Extracted records
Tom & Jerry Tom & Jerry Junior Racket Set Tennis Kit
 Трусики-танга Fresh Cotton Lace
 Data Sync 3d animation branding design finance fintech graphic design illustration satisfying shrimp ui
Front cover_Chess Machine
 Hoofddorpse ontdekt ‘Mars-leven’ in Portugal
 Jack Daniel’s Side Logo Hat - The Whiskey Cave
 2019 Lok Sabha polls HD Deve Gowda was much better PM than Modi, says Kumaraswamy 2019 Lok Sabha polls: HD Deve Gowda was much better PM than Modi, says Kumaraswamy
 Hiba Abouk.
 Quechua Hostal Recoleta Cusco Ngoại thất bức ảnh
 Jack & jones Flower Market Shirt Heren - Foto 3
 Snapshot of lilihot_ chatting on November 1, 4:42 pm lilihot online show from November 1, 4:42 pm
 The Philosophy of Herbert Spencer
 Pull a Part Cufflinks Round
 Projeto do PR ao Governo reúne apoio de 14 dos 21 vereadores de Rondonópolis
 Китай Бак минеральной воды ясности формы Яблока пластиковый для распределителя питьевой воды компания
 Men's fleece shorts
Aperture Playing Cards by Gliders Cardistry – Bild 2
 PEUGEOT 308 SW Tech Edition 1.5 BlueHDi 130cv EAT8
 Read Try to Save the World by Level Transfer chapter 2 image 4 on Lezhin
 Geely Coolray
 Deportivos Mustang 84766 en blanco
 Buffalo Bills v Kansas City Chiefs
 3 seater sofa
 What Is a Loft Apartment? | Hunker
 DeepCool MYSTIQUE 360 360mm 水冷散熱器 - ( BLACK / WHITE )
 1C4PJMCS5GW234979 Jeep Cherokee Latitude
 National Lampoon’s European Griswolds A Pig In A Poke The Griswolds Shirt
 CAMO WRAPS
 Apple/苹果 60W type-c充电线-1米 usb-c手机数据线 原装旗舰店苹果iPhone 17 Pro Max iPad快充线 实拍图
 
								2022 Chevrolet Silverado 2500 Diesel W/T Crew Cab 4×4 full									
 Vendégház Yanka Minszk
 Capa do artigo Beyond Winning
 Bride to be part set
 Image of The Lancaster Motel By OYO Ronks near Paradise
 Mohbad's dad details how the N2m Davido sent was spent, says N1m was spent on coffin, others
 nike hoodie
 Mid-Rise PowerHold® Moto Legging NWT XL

WHAT IS EXPECTED: Nothing in the records should differ from the original when you retype them.

SOLUTION TO THIS EXERCISE:
Tom & Jerry Tom & Jerry Junior Racket Set Tennis Kit
 Трусики-танга Fresh Cotton Lace
 Data Sync 3d animation branding design finance fintech graphic design illustration satisfying shrimp ui
Front cover_Chess Machine
 Hoofddorpse ontdekt ‘Mars-leven’ in Portugal
 Jack Daniel’s Side Logo Hat - The Whiskey Cave
 2019 Lok Sabha polls HD Deve Gowda was much better PM than Modi, says Kumaraswamy 2019 Lok Sabha polls: HD Deve Gowda was much better PM than Modi, says Kumaraswamy
 Hiba Abouk.
 Quechua Hostal Recoleta Cusco Ngoại thất bức ảnh
 Jack & jones Flower Market Shirt Heren - Foto 3
 Snapshot of lilihot_ chatting on November 1, 4:42 pm lilihot online show from November 1, 4:42 pm
 The Philosophy of Herbert Spencer
 Pull a Part Cufflinks Round
 Projeto do PR ao Governo reúne apoio de 14 dos 21 vereadores de Rondonópolis
 Китай Бак минеральной воды ясности формы Яблока пластиковый для распределителя питьевой воды компания
 Men's fleece shorts
Aperture Playing Cards by Gliders Cardistry – Bild 2
 PEUGEOT 308 SW Tech Edition 1.5 BlueHDi 130cv EAT8
 Read Try to Save the World by Level Transfer chapter 2 image 4 on Lezhin
 Geely Coolray
 Deportivos Mustang 84766 en blanco
 Buffalo Bills v Kansas City Chiefs
 3 seater sofa
 What Is a Loft Apartment? | Hunker
 DeepCool MYSTIQUE 360 360mm 水冷散熱器 - ( BLACK / WHITE )
 1C4PJMCS5GW234979 Jeep Cherokee Latitude
 National Lampoon’s European Griswolds A Pig In A Poke The Griswolds Shirt
 CAMO WRAPS
 Apple/苹果 60W type-c充电线-1米 usb-c手机数据线 原装旗舰店苹果iPhone 17 Pro Max iPad快充线 实拍图
 
								2022 Chevrolet Silverado 2500 Diesel W/T Crew Cab 4×4 full									
 Vendégház Yanka Minszk
 Capa do artigo Beyond Winning
 Bride to be part set
 Image of The Lancaster Motel By OYO Ronks near Paradise
 Mohbad's dad details how the N2m Davido sent was spent, says N1m was spent on coffin, others
 nike hoodie
 Mid-Rise PowerHold® Moto Legging NWT XL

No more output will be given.